En unos segundos, ambos nos dimos cuenta de que habíamos usado a Dylan como pretexto para llegar a los Fab Four. Ninguno de los dos dudó. Además, sería la versión mono. La estéreo, sin duda, será la más comercial (de hecho, en el Somos pre navideño sólo se da cuenta de esta última).

Salimos de allí, cada uno con su compacta caja blanca, más el Abbey Road y el disco del vate que nos marcó el camino: Christmas In The Heart.

Don Fernando Savater refiere haber adquirido un llavero en el hipódromo de Churchill Downs, durante el último Derby de Kentucky del pasado milenio “con una sensación pecaminosa que no experimentaba desde mis deliciosas masturbaciones juveniles”. La posesión de aquellos discos, con sus cubiertas similares a los vinilos originales, antes de la invasión digital, es un sentimiento parecido (por no decir exactamente el mismo) al descrito por el hípico filósofo.
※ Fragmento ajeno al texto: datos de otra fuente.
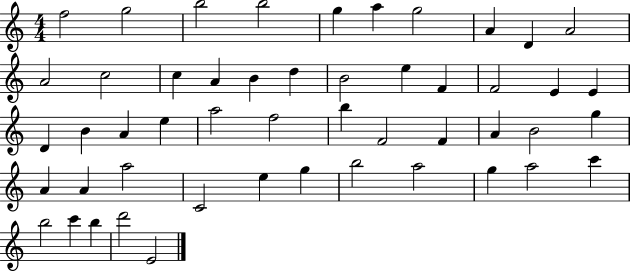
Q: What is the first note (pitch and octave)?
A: F5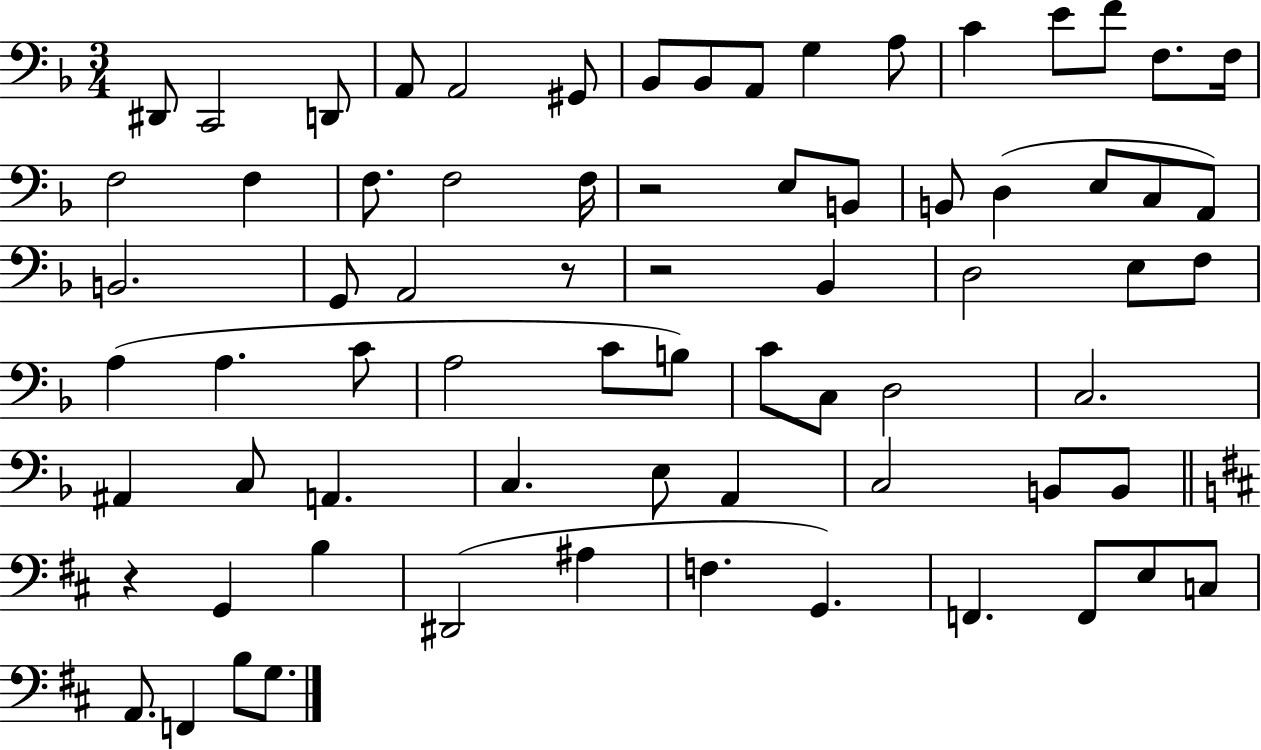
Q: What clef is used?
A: bass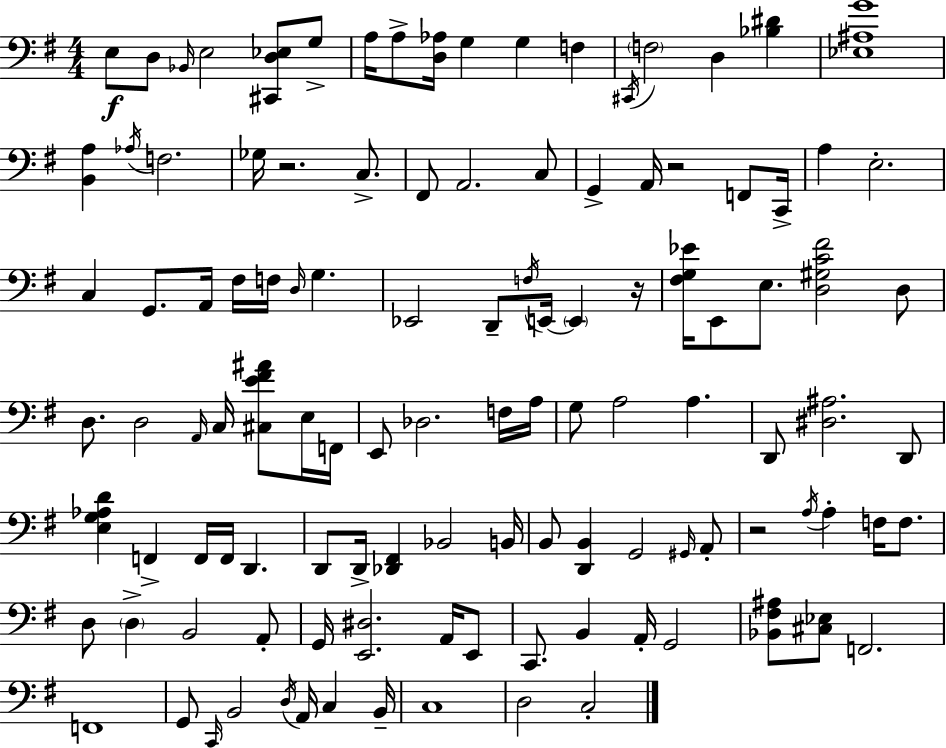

Los Beatles tienen ya más de cuarenta años en nuestra existencia. Sus canciones suenan una y otra vez. No importa con qué frecuencia. Pueden transcurrir años o semanas entre una escucha y la siguiente. Y siempre se tiene la sensación de que el placer es nuevo: una persistencia similar con la misma mujer no resistiría tal prueba del tiempo. ¿Por qué, entonces, no pagar otra vez por las mismas canciones? Es como si la prostituta preferida de nuestra adolescencia apareciera de pronto renovada, sin las huellas de los años, linda y limpia como antes, o mejor aún: remasterizada.